┌─ THE RECORDS

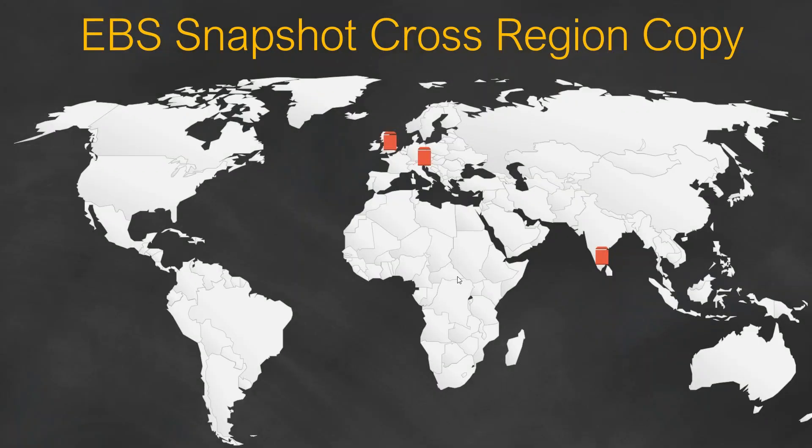Welcome to the channel folks. Today we are going to talk about an interesting topic of copying snapshots across multiple regions.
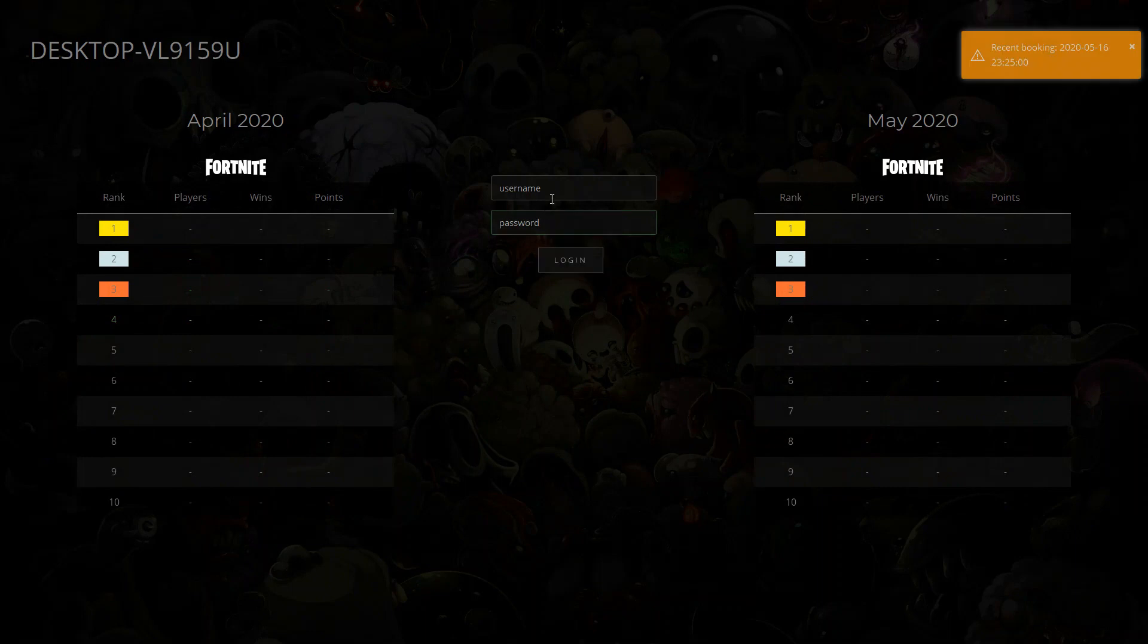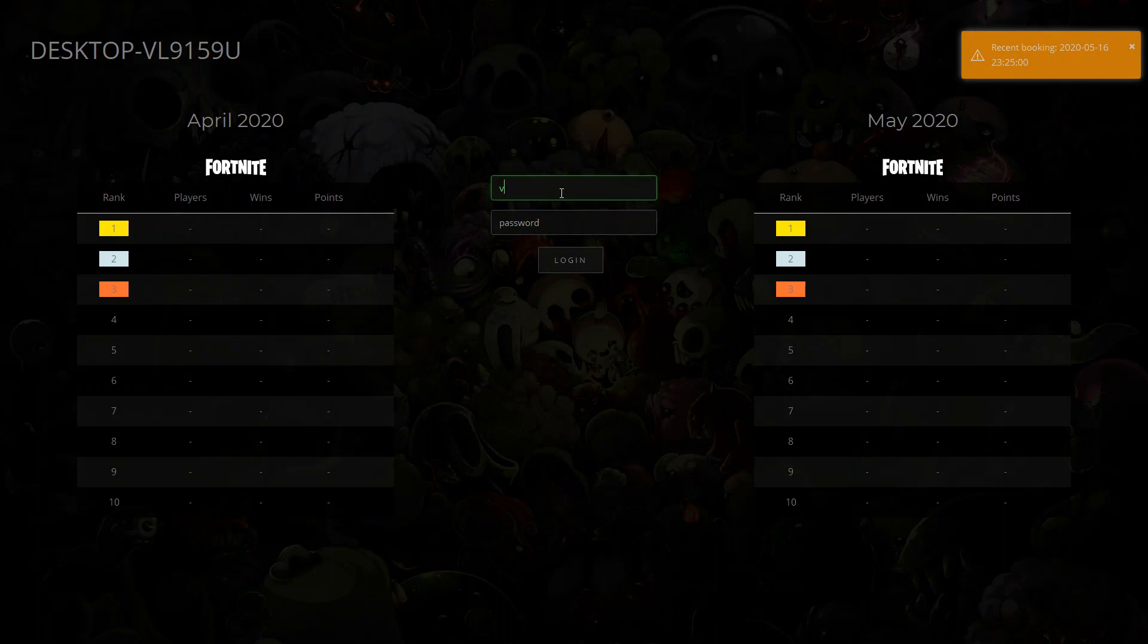When the booked PC is turned on, it will notify as the recent booking with time. It can be used before the time starts.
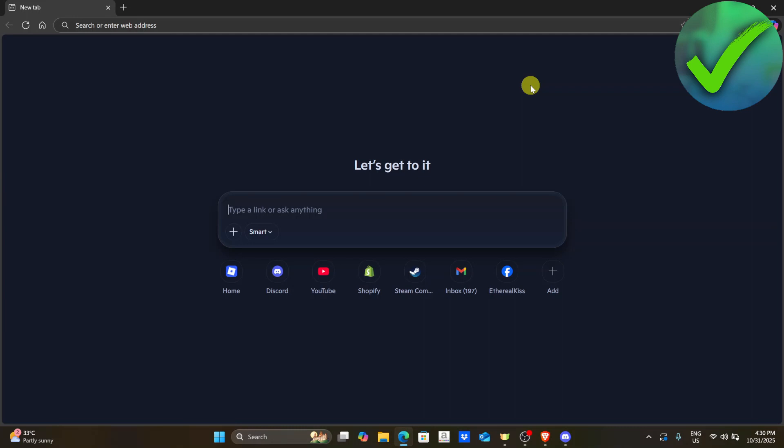How to set up MEE6 bot on Discord. That is what I'm going to show you guys in this super quick and easy tutorial. So let's get into it.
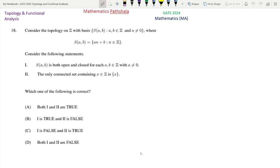Hello everyone, welcome to our channel Mathematics Patshara. This is a problem of GATE 2024 Mathematics code MA. This is a question from Topology and Functional Analysis. First we read the question.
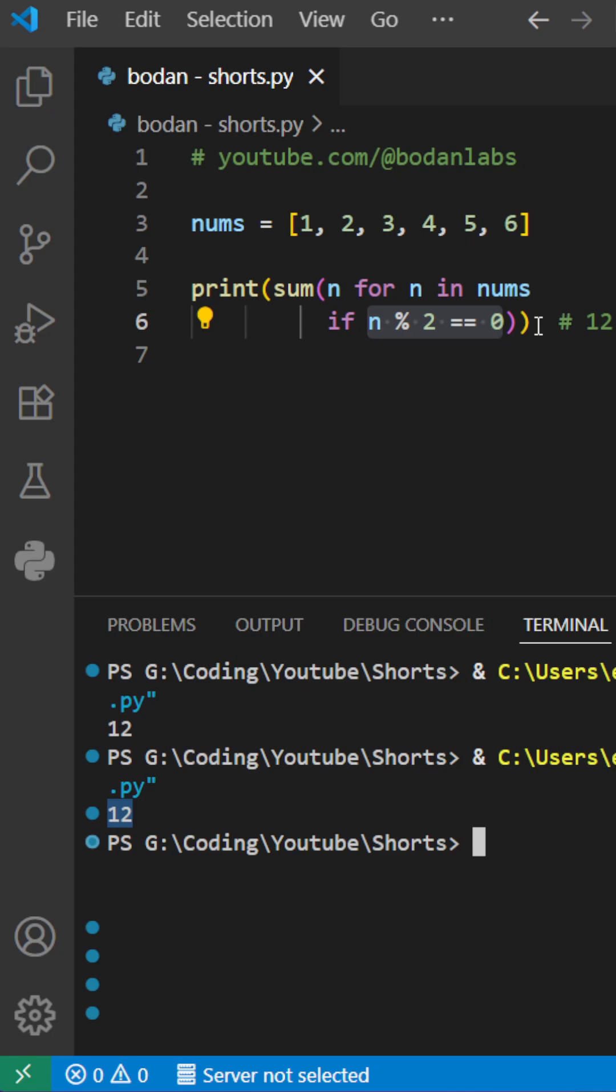Don't forget, percentage operator followed by 2 and equal to 0 checks if a number is even. Use it anytime you need to filter evens. Subscribe for more Python tips.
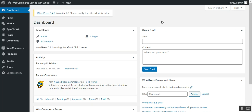Before proceeding further, here's a brief overview of this plugin. The plugin allows store owners to add the spin to win wheel on the frontend, and customers can spin the wheel to win exciting coupons or discounts. The plugin also facilitates the store owner to create multiple spin campaigns with scheduled timing, and customers can use one spin campaign at a time with a registered email ID.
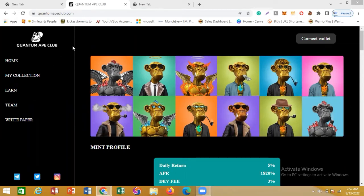Today I'll be showing you how to make money from Quantum Ape Club, and I'll also be making a live withdrawal from my account to show you how the withdrawal process actually goes through on Quantum Ape.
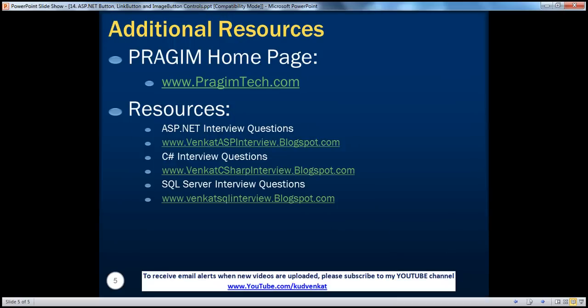On this slide, you can find resources for ASP.NET, C# and SQL Server interview questions. That's it for today. Thank you for listening. Have a great day.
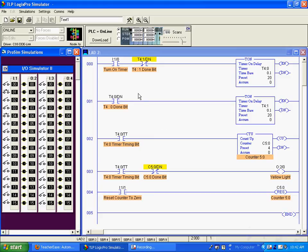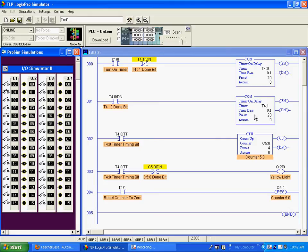Alright, here I'm going to demonstrate how you can activate a timer, T40, and when this timer's done timing, this bit will go true, triggering this timer.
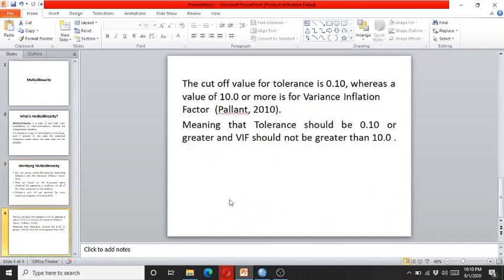The variance inflation factors and the tolerance are reported by most statistical programs including SPSS. The cutoff value for the tolerance is 0.10, whereas the value of 10 or more is for the variance inflation factor, meaning that the tolerance should be 0.10 or greater and VIF should not be greater than 10.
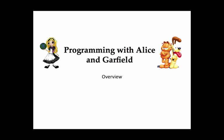Welcome to Programming with Alice and Garfield. Creating an Alice animation involves two activities: setting up the scene, which includes characters and props for your story, and writing the program code for creating the animation.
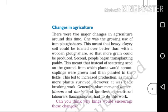Changes in agriculture. There are two major changes in agriculture around this time. One was the growing use of iron ploughshares. This meant that heavy clay soil could be turned over better than with a wooden ploughshare. So the first major change in agriculture is the introduction of iron ploughshares.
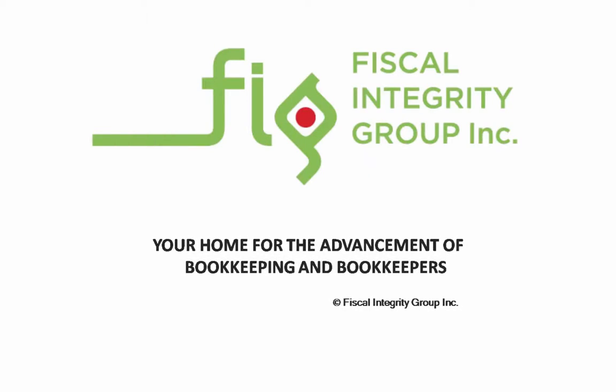Thank you for watching and all the very best of luck. Until next time, I'm Herb Holst. Fiscal Integrity Group, your home for the advancement of bookkeeping and bookkeepers.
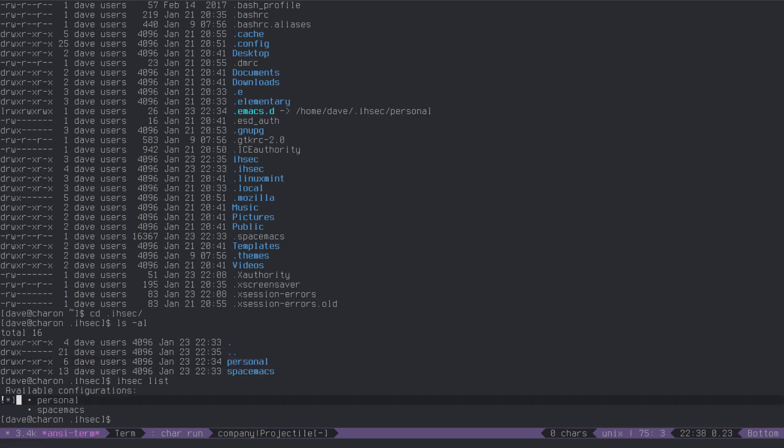and all that happens is, if you type ISEC list, it looks for directories in here, then looks for which directory is the symlink to .emacs.d, put a little star there, I want to actually have a little arrow, I'll change that in a sec, that's all that ISEC list does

└─

EXERCISE DETAILS
When you reach the line holding "Before proceeding further, here's" in the listing above, begin retyping exactly, and stop once the line holding "On this slide, you" is done; pictures stay out.

EXERCISE OUTPUT
Before proceeding further, here's a brief overview of this plugin. The plugin allows store owners to add the spin to win wheel on the frontend, and customers can spin the wheel to win exciting coupons or discounts. The plugin also facilitates the store owner to create multiple spin campaigns with scheduled timing, and customers can use one spin campaign at a time with a registered email ID.
Today I'll be showing you how to make money from Quantum Ape Club, and I'll also be making a live withdrawal from my account to show you how the withdrawal process actually goes through on Quantum Ape.
On this slide, you can find resources for ASP.NET, C# and SQL Server interview questions. That's it for today. Thank you for listening. Have a great day.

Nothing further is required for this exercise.